Coachella, set for its usual two-weekend format, April 15-17 and April 22-24, at the Empire Polo Club in Indio, Calif., will be returning after two years mothballed by the pandemic. On Wednesday, after weeks of speculation and leaks in the music press, the festival announced its complete 2022 lineup, which will also feature performances by Megan Thee Stallion, Lil Baby, Doja Cat, Phoebe Bridgers, the reunited electronic dance group Swedish House Mafia and dozens of others. (West is billed on the official festival poster as simply Ye.)
The event is expected to run at its full capacity of up to 125,000 concertgoers a day.
Coachella has long been the country’s most influential festival, hosting viral moments like Tupac Shakur’s hologram in 2012 and Beyoncé’s 2018 tribute to the marching bands of historically Black colleges and universities.

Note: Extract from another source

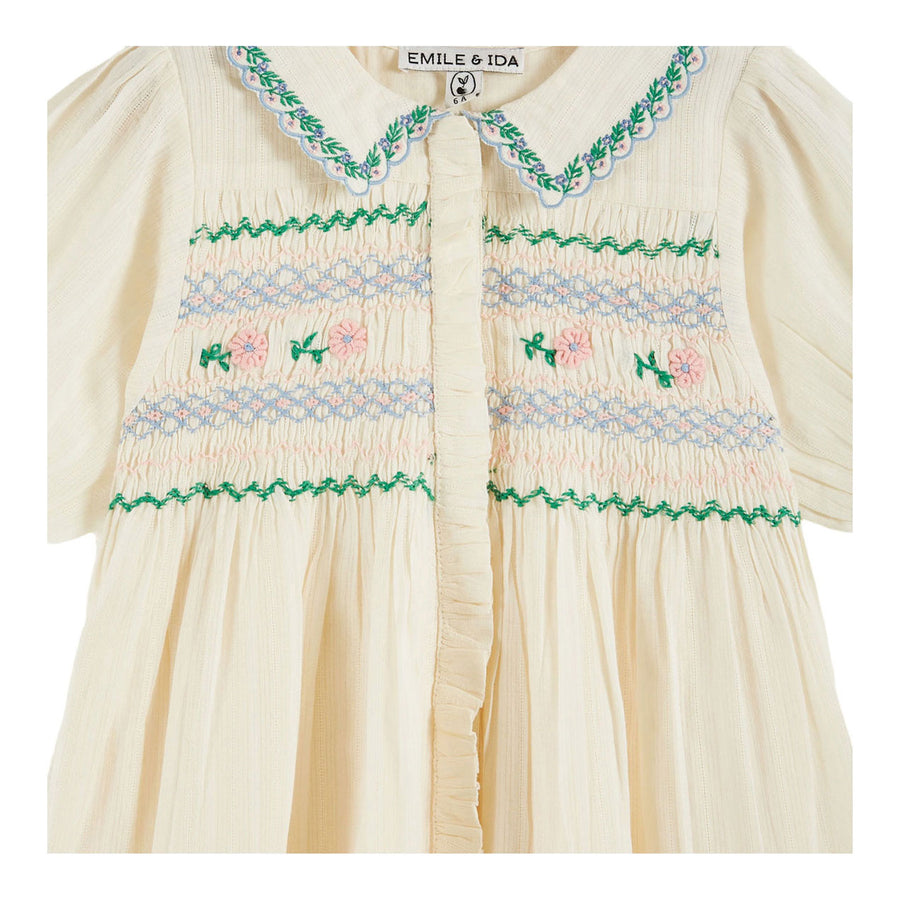 Emile et Ida Ecru Embroidered Smocked Dress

It has usually been the first big festival to announce its lineup each year, ushering in the touring season. But this week Coachella was scooped by the Bonnaroo Music & Arts Festival in Manchester, Tenn., which on Tuesday said that it would return in June with Tool, J. Cole, Stevie Nicks, the Chicks, Machine Gun Kelly, Robert Plant and Alison Krauss, and others.

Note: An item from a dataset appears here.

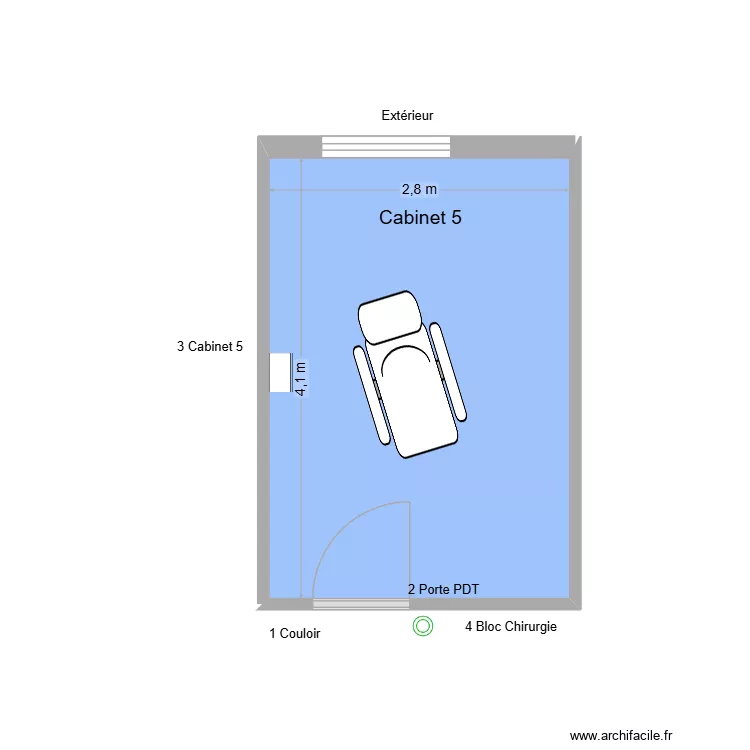 31288 Cabinet 6. Plan de 1  et 11 m²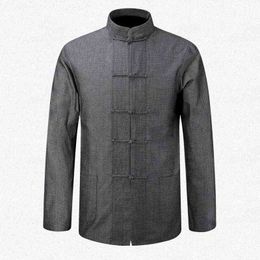 New Male Cotton Shirt Traditional Chinese Men Coat Clothing Kung Fu Tai Chi Uniform Autumn Spring Long Sleeve Jacket for Man Y1106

Coachella was one of entertainment’s first major casualties of the coronavirus. Its 2020 edition — which was to have featured Rage Against the Machine, Travis Scott and Frank Ocean — was shut down by health officials on March 10 of that year, two days before Broadway and the concert business at large went dark.
Goldenvoice, the promoter that puts on Coachella in partnership with the corporate concert giant AEG Presents, had hoped to bring the festival back that fall, then in spring 2021. But each time the pandemic forced the plans to be kicked further down the road. Bonnaroo, which is presented by Live Nation, AEG’s corporate rival, had scheduled a full-scale return last September, but it was canceled after heavy rains flooded the festival grounds.
About half of the ticket holders to Coachella’s 2020 edition requested refunds, Paul Tollett, one of the festival’s founders, said in an interview with The Los Angeles Times in August. Tickets cost $449 and up, not counting fees.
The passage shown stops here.